Only one file may be received per post. The file is saved as a unique name within a server configured directory. The file on the disk mirrors the directory structure for the url eg "/srv/anzo-binarystore/node1/08/04/01/22/mypicture.png. This allows the file to be located from the FILE_URL mapping. When the file has been fully received by the server a graph (revisioned or non-revisioned based on the form data) is created as the authenticated user. This graph is added to the BS dataset.

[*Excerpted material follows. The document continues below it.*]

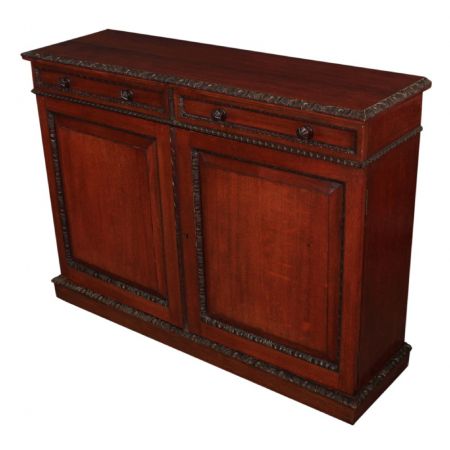 Englisches antikes victorian/ viktorianisches Eichensideboard 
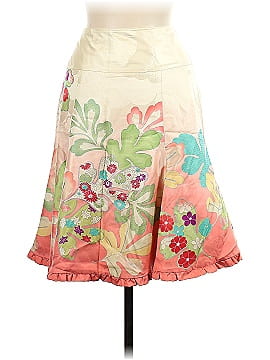 Odille Silk Skirt (view 2)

At this stage a series of handlers can be called to interogate the file in order to create additional "meta" triples. One of these handlers could be an Aperture extractor (see  http://aperture.sourceforge.net/tutorial/extractors.html). Extracted text can be indexed by lucene and added as subject reference to the lucene index (Discuss architecture for this facility). These "meta triples" are added to the files graph.

The FILE_URL is then returned to the client.

File read

The FILE_URL is resolvable and is used to access the file. eg  http://expo.cambridgesemantics.com/binarystore/node1/08/04/01/22/mypicture.png would return the file. If the metadata for the file is required then the client includes an accept header specifying that they want metadata and which particular format they would like (n3,rdfxml etc). In this case the files graph will be returned. Additionally metadata can be obtained by appending a aspect=metadata&format=n3 query string. eg  http://expo.cambridgesemantics.com/binarystore/node1/08/04/01/22/mypicture.png?aspect=metadata&format=n3. aspect=file is the default query string returning the actual file.

Revisions can be accessed using  http://expo.cambridgesemantics.com/binarystore/node1/08/04/01/22/mypicture.png?revision=2 (&aspect=file) syntax.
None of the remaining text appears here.